* _DATA BELOW_

^^^^^^^^^^^^^^^^

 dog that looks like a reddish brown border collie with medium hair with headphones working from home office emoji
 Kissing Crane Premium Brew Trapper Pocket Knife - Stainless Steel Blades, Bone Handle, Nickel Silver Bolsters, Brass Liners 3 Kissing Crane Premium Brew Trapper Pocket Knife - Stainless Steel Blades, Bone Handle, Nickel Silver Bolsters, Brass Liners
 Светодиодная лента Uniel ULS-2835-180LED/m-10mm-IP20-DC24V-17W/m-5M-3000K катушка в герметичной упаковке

^^^^^^^^^^^^^^^^

* _ACTIVITY_
Transcribe the listing. Every line must match exactly.

* _OUTPUT OF THE EXERCISE_
 dog that looks like a reddish brown border collie with medium hair with headphones working from home office emoji
 Kissing Crane Premium Brew Trapper Pocket Knife - Stainless Steel Blades, Bone Handle, Nickel Silver Bolsters, Brass Liners 3 Kissing Crane Premium Brew Trapper Pocket Knife - Stainless Steel Blades, Bone Handle, Nickel Silver Bolsters, Brass Liners
 Светодиодная лента Uniel ULS-2835-180LED/m-10mm-IP20-DC24V-17W/m-5M-3000K катушка в герметичной упаковке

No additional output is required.